Su come procedere si scontrano tre approcci: se cercare di operare a livello mondiale (dando, ad esempio, nuove funzioni a Fondo monetario e Banca mondiale, una volta riorganizzate) oppure regionale (Europa. Asia), oppure nazionale in linea, però, con standard internazionali. Sino ad ora il paradosso apparente è la globalizzazione dei mercati ed il carattere nazionale di regolazione e vigilanza (che, con l’attuale crisi, si sta accentuando). Non è facile trovare una quadra non solo per motivi ideologici (gli Usa si oppongono ad una regolamentazione mondialistica anche perché, al loro interno, soltanto alcuni aspetti spettano alle autorità federali e non a quelle dei singoli Stati dell’Unione).
Una proposta interessante è in un lavoro appena completato dall’European Corporate Governance Institute di Zurigo e dell’Oxford Finale Group (TILEC Discussion Paper N. DP 2009-01 da richiedere a gerard.hertig@recht.gess.ethz.ch ). Traccia un modello per l’unione monetaria europea, trasferibile, però, ad altre aree e, con gli adattamenti appropriati, a livello internazionale.
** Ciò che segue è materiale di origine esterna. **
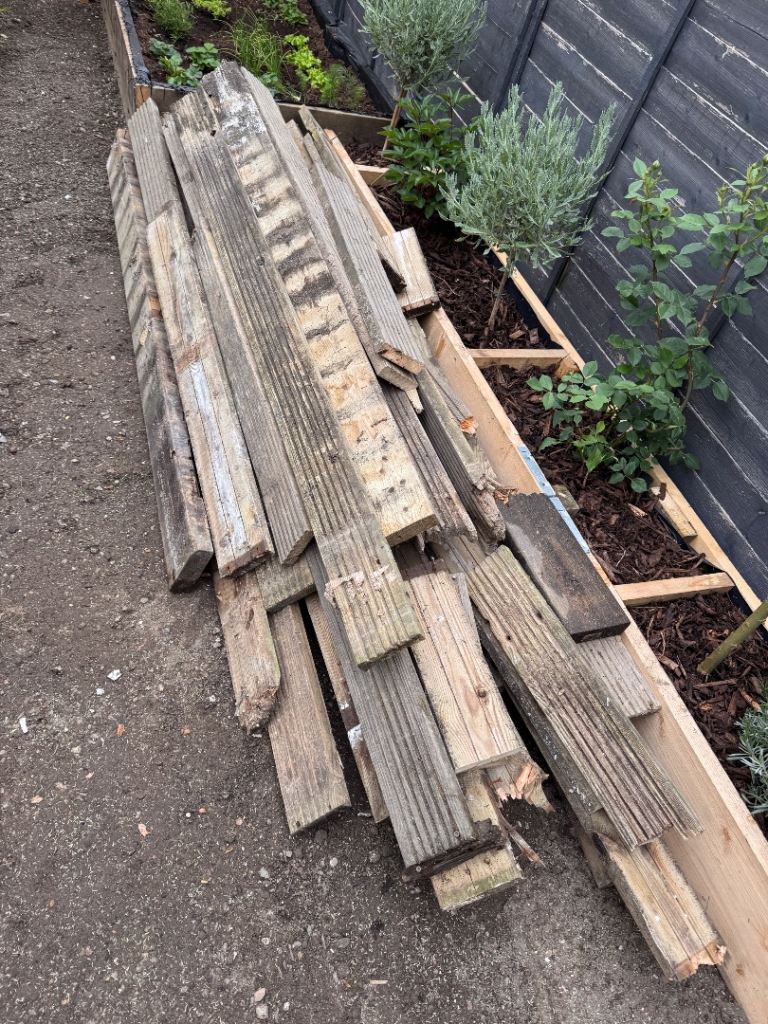 Lots of wood and timber
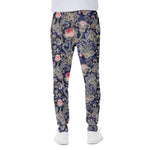 Indian Rose Paisley Pattern Print Scuba Joggers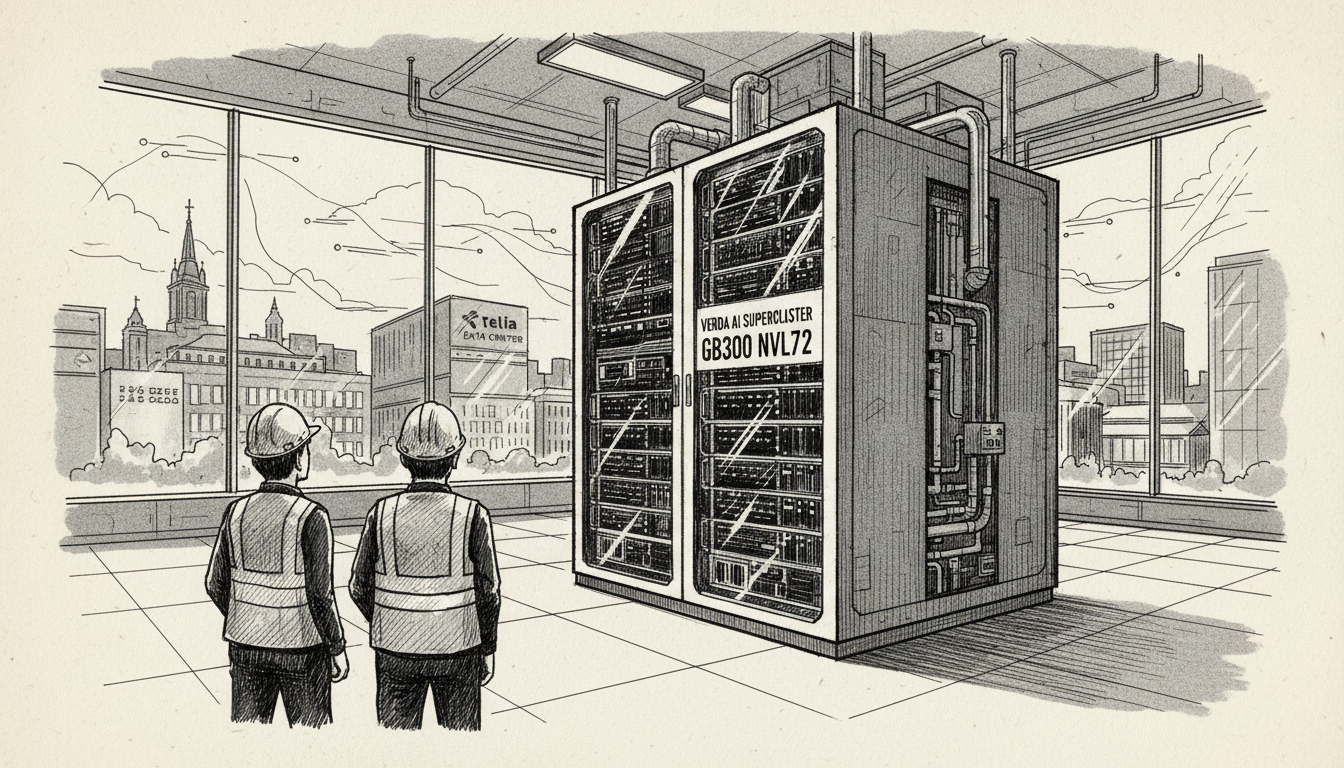 Finnish Startup Installs Nvidia's Most Powerful AI System in Nordic Telia Data Center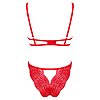 Set Obsessive Mellania Rosu S-M Thumb 1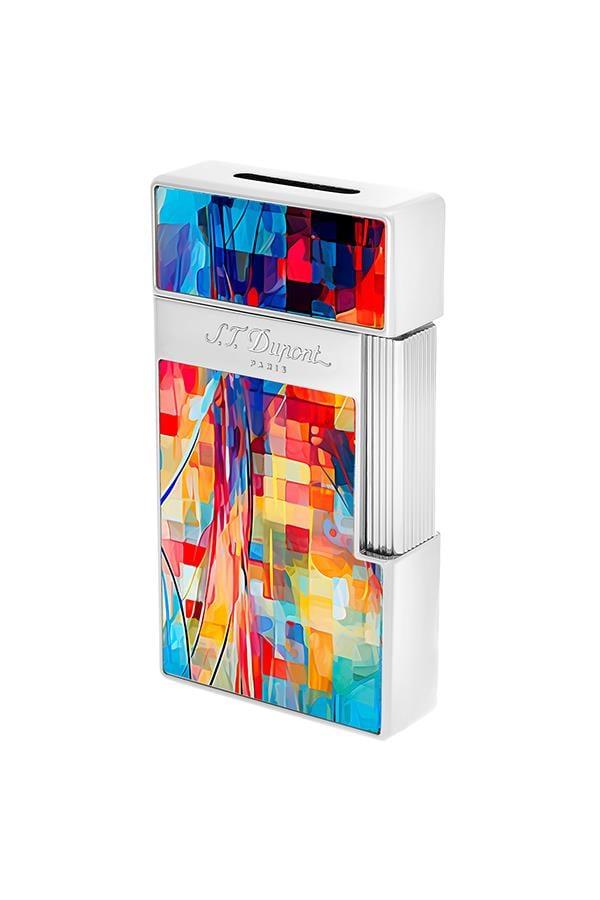 S.T. Dupont Biggy Lacquered Graff'ty Çok Renkli Puro Çakmağı 25024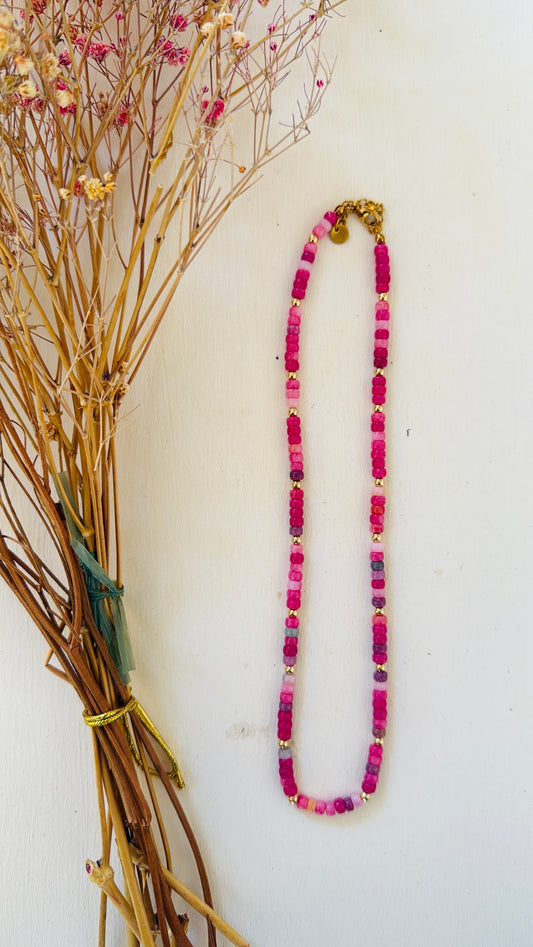 Girocollo Sorbet rose vintage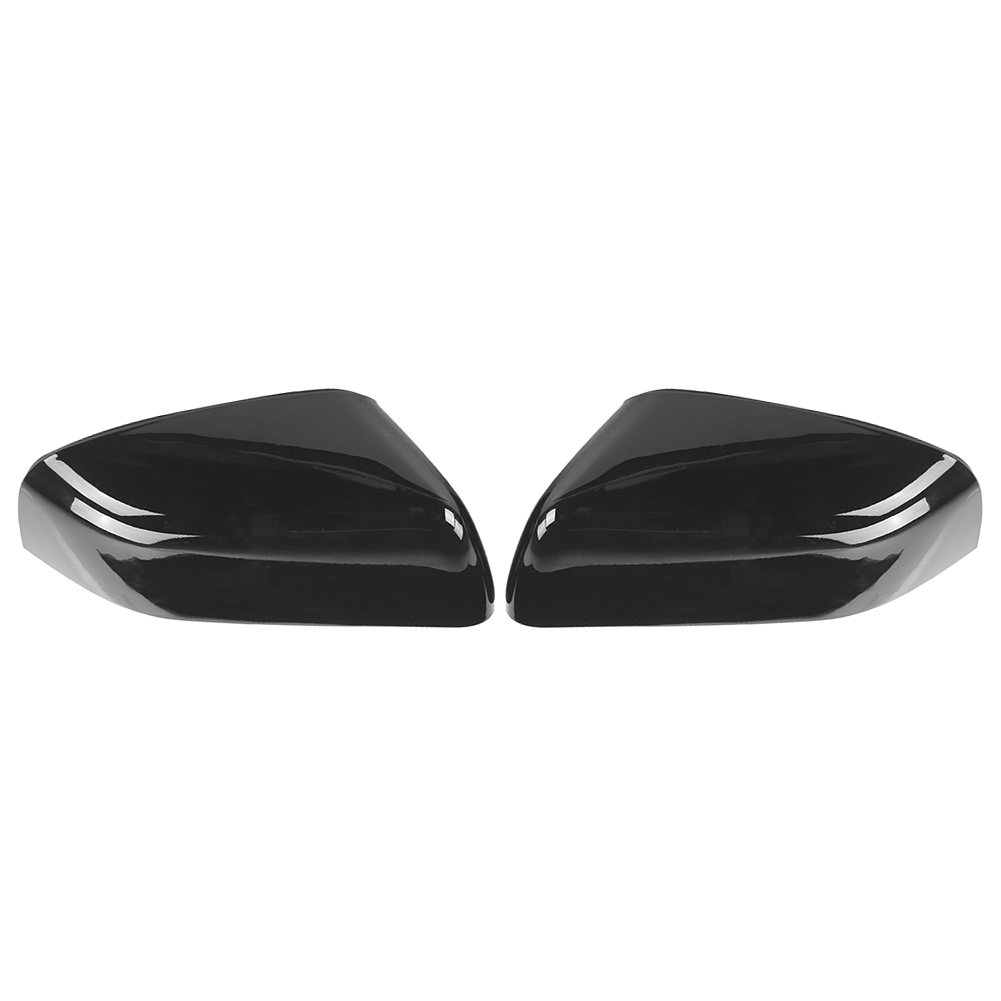 2 Glänzend Schwarze Spiegelkappen, Schutzkappen Kompatibel Mit Land Rover Range Rover Sport, Lr2, Lr4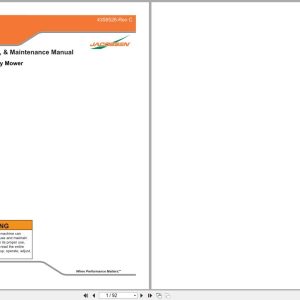 Jacobsen Mower LF550 LF557 LF570 LF577 Safety Operation Maintenance Manual 4358526 C GB 2020 (1)
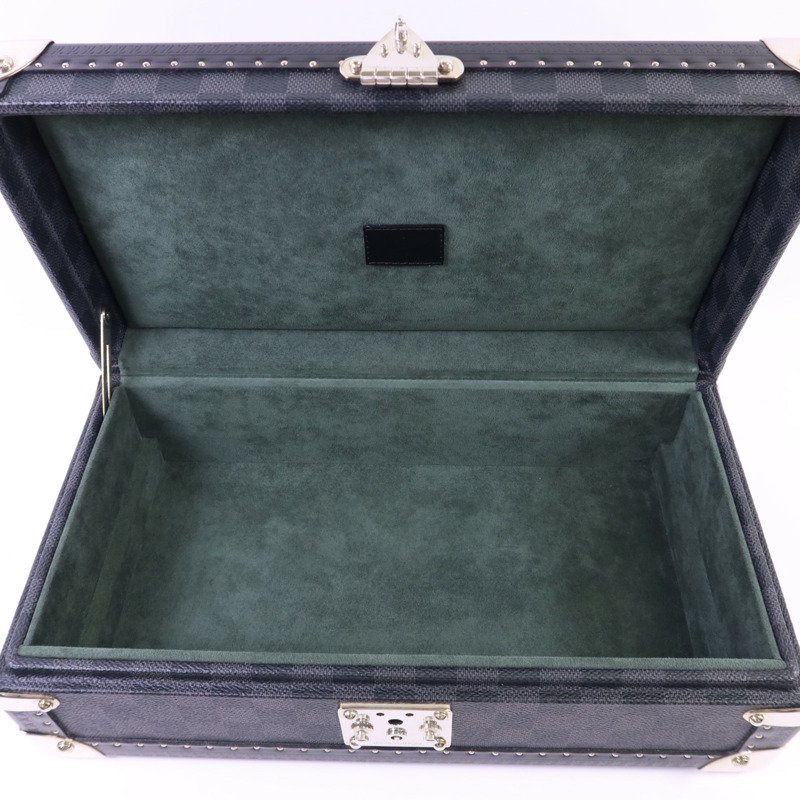 LOUIS VUITTON Damier Graphite Coffret 8 Montres銀扣手錶收納盒-6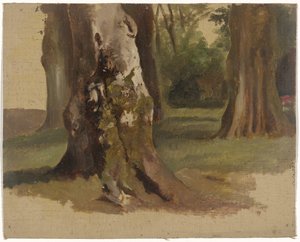 木の幹 作： Guillaume Anne van der Brugghen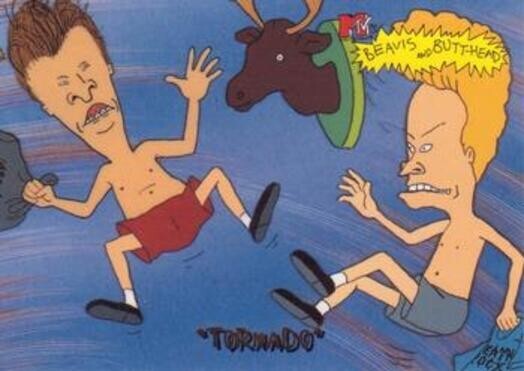 1994 ultra beavis and butthead pick a card huge selection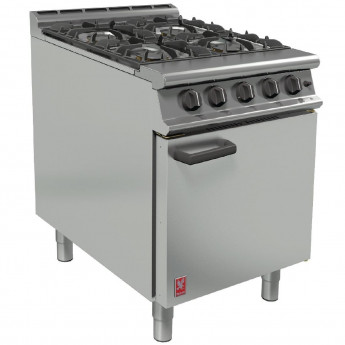Falcon 4 Burner Dominator Plus Gas Oven Range G3161 with Feet - Click to Enlarge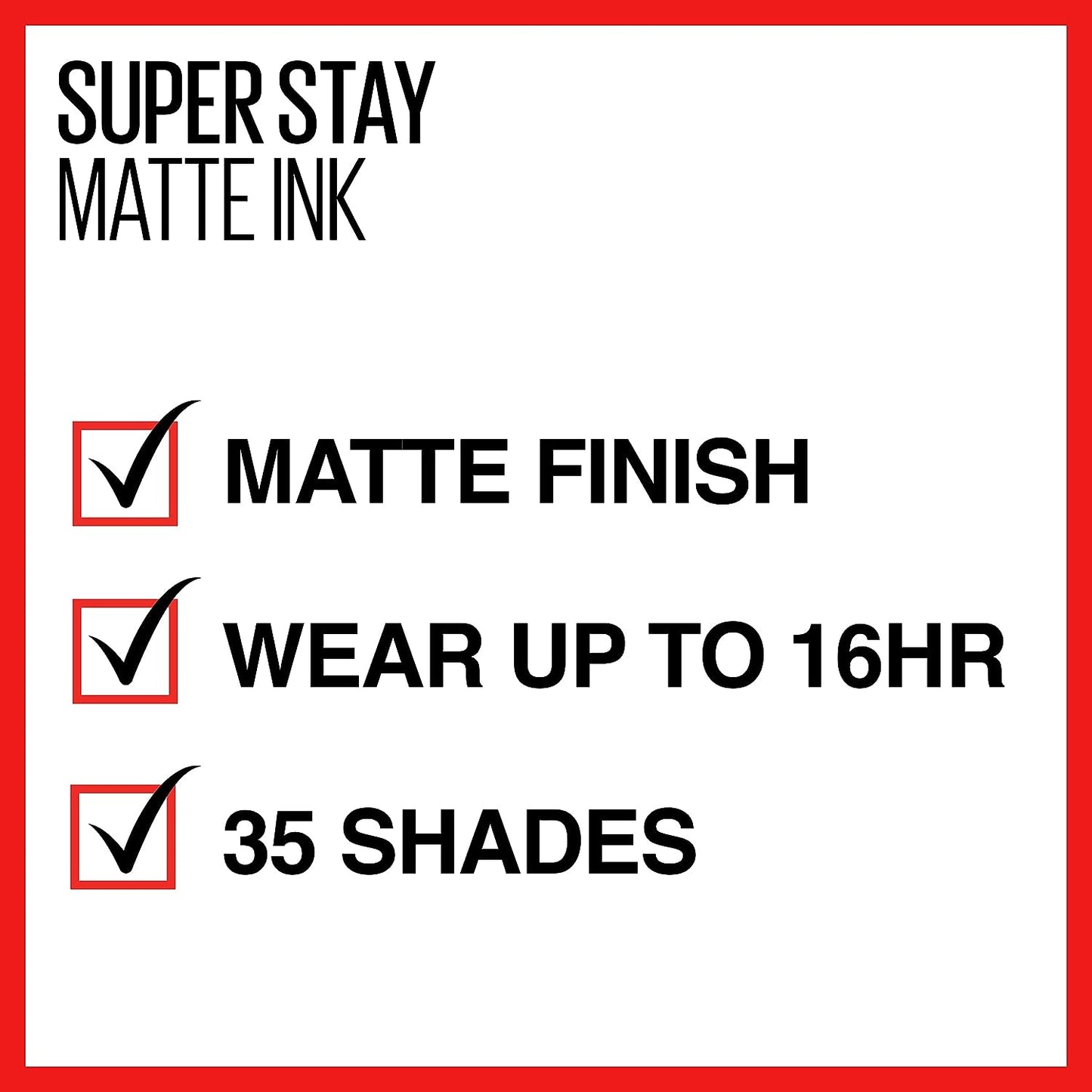 New York Super Stay Matte Ink Liquid Lipstick Makeup, Long Lasting High Impact Color, Up to 16H Wear, Exhilarator, Ruby Red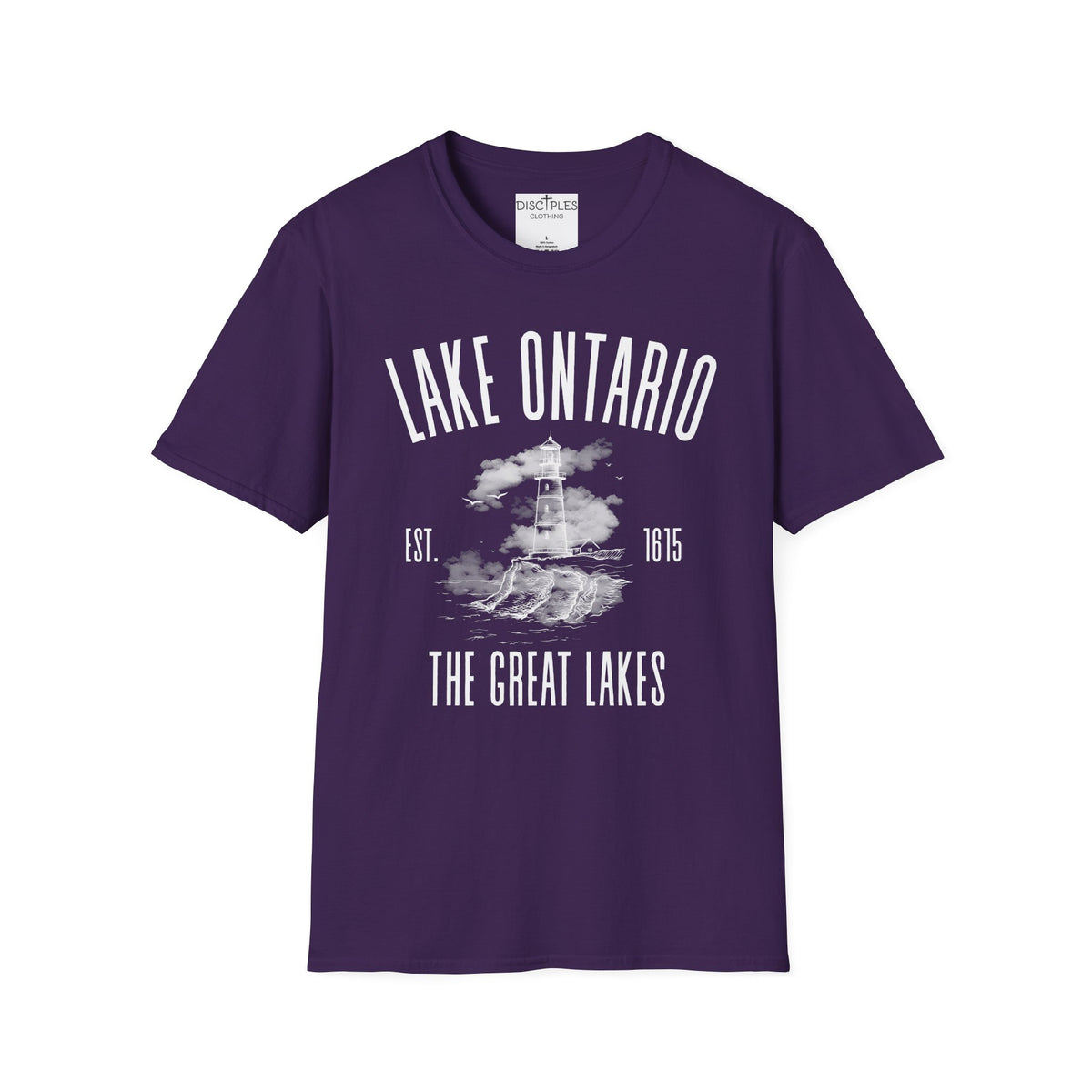 Lake Ontario Vintage Lighthouse — The Great Lakes Est. 1815 T-Shirt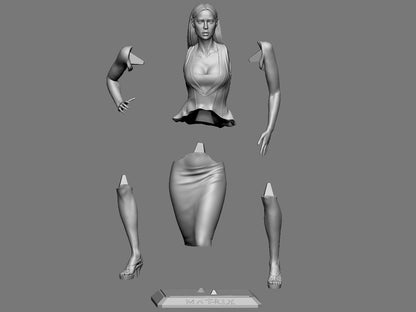 Persephone Statue 3D-Printed Kit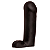 Protese Maciça  Realistic Skin com Escroto e Ventosa Bruce 25 x 7,5 Cm - Imagem 6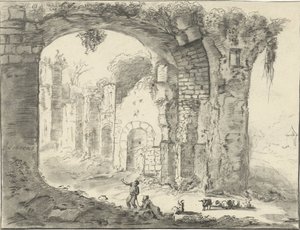 Paysage avec ruine
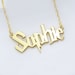 Silver Name Necklace - Wizard Harry P. Font Necklace  14K Solid Gold Necklace Personalized Name Necklace 925 Sterling Silver - Birthday Gift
Gli Stati della zona dell’euro potrebbero avere l’opzione di delegare parte delle loro funzioni di regolazione e vigilanza alla Banca centrale europea (Bce), pur restandone titolari, tramite non un trattato generale ma accordi specifici “su misura” dei singoli Stati, nell’ottica comunque di coerenza e parità di trattamento. Gradualmente, se il meccanismo funziona, potrebbe essere esteso e rafforzato. E’ un disegno gradualistico, molto più concreto di sogni nel cassetto sul tipo di quelli relativi ad un nuovo accordo del Plaza o di una nuova Bretton Woods.